● **EXERCISE REQUIREMENTS**: Restate the records word for word, omitting nothing.

*** RECORD SET Section Begins ***

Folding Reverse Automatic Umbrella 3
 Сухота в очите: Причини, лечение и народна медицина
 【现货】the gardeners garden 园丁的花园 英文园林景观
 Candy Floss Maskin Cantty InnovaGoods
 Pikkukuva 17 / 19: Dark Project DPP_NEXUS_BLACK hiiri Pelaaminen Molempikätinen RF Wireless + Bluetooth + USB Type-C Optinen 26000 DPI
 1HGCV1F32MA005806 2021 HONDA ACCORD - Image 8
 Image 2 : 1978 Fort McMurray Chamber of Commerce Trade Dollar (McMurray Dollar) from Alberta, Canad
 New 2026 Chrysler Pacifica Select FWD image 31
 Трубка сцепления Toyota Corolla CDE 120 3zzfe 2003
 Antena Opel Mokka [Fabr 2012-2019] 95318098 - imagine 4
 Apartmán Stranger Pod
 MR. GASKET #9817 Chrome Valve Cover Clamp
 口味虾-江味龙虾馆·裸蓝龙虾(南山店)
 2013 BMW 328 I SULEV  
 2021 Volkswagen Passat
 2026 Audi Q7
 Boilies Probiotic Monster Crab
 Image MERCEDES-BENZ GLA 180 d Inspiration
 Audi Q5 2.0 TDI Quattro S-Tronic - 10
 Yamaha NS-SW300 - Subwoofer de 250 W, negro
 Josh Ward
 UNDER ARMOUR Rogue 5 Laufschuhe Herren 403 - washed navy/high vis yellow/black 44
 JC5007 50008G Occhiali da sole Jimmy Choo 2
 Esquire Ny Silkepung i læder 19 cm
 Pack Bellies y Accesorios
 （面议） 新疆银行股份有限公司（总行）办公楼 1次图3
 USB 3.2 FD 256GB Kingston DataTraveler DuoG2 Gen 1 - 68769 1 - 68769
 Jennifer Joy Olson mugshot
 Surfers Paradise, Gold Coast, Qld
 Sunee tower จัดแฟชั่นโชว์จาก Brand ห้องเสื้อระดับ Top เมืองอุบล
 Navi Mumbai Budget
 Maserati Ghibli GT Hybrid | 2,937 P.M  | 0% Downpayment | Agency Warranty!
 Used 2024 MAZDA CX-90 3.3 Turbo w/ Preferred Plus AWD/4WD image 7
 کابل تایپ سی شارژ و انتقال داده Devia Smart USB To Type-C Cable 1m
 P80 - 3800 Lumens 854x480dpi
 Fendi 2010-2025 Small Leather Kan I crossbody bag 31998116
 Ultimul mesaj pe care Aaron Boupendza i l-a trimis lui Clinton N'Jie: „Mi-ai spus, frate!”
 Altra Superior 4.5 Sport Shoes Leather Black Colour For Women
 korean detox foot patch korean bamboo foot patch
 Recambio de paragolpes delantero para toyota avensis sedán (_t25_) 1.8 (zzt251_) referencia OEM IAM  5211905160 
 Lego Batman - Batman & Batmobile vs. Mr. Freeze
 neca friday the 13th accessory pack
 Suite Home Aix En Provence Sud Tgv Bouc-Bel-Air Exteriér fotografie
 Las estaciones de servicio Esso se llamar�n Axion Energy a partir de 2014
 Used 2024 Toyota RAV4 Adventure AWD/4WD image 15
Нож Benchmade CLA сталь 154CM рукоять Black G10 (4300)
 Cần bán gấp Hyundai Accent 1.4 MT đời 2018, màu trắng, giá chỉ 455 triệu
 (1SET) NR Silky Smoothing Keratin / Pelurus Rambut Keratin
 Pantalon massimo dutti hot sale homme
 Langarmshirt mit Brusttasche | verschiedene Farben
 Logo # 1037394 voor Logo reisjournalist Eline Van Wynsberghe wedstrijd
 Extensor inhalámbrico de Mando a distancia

*** RECORD SET Section Ends ***

● **ANSWER FOR THE TASK**:
Folding Reverse Automatic Umbrella 3
 Сухота в очите: Причини, лечение и народна медицина
 【现货】the gardeners garden 园丁的花园 英文园林景观
 Candy Floss Maskin Cantty InnovaGoods
 Pikkukuva 17 / 19: Dark Project DPP_NEXUS_BLACK hiiri Pelaaminen Molempikätinen RF Wireless + Bluetooth + USB Type-C Optinen 26000 DPI
 1HGCV1F32MA005806 2021 HONDA ACCORD - Image 8
 Image 2 : 1978 Fort McMurray Chamber of Commerce Trade Dollar (McMurray Dollar) from Alberta, Canad
 New 2026 Chrysler Pacifica Select FWD image 31
 Трубка сцепления Toyota Corolla CDE 120 3zzfe 2003
 Antena Opel Mokka [Fabr 2012-2019] 95318098 - imagine 4
 Apartmán Stranger Pod
 MR. GASKET #9817 Chrome Valve Cover Clamp
 口味虾-江味龙虾馆·裸蓝龙虾(南山店)
 2013 BMW 328 I SULEV  
 2021 Volkswagen Passat
 2026 Audi Q7
 Boilies Probiotic Monster Crab
 Image MERCEDES-BENZ GLA 180 d Inspiration
 Audi Q5 2.0 TDI Quattro S-Tronic - 10
 Yamaha NS-SW300 - Subwoofer de 250 W, negro
 Josh Ward
 UNDER ARMOUR Rogue 5 Laufschuhe Herren 403 - washed navy/high vis yellow/black 44
 JC5007 50008G Occhiali da sole Jimmy Choo 2
 Esquire Ny Silkepung i læder 19 cm
 Pack Bellies y Accesorios
 （面议） 新疆银行股份有限公司（总行）办公楼 1次图3
 USB 3.2 FD 256GB Kingston DataTraveler DuoG2 Gen 1 - 68769 1 - 68769
 Jennifer Joy Olson mugshot
 Surfers Paradise, Gold Coast, Qld
 Sunee tower จัดแฟชั่นโชว์จาก Brand ห้องเสื้อระดับ Top เมืองอุบล
 Navi Mumbai Budget
 Maserati Ghibli GT Hybrid | 2,937 P.M  | 0% Downpayment | Agency Warranty!
 Used 2024 MAZDA CX-90 3.3 Turbo w/ Preferred Plus AWD/4WD image 7
 کابل تایپ سی شارژ و انتقال داده Devia Smart USB To Type-C Cable 1m
 P80 - 3800 Lumens 854x480dpi
 Fendi 2010-2025 Small Leather Kan I crossbody bag 31998116
 Ultimul mesaj pe care Aaron Boupendza i l-a trimis lui Clinton N'Jie: „Mi-ai spus, frate!”
 Altra Superior 4.5 Sport Shoes Leather Black Colour For Women
 korean detox foot patch korean bamboo foot patch
 Recambio de paragolpes delantero para toyota avensis sedán (_t25_) 1.8 (zzt251_) referencia OEM IAM  5211905160 
 Lego Batman - Batman & Batmobile vs. Mr. Freeze
 neca friday the 13th accessory pack
 Suite Home Aix En Provence Sud Tgv Bouc-Bel-Air Exteriér fotografie
 Las estaciones de servicio Esso se llamar�n Axion Energy a partir de 2014
 Used 2024 Toyota RAV4 Adventure AWD/4WD image 15
Нож Benchmade CLA сталь 154CM рукоять Black G10 (4300)
 Cần bán gấp Hyundai Accent 1.4 MT đời 2018, màu trắng, giá chỉ 455 triệu
 (1SET) NR Silky Smoothing Keratin / Pelurus Rambut Keratin
 Pantalon massimo dutti hot sale homme
 Langarmshirt mit Brusttasche | verschiedene Farben
 Logo # 1037394 voor Logo reisjournalist Eline Van Wynsberghe wedstrijd
 Extensor inhalámbrico de Mando a distancia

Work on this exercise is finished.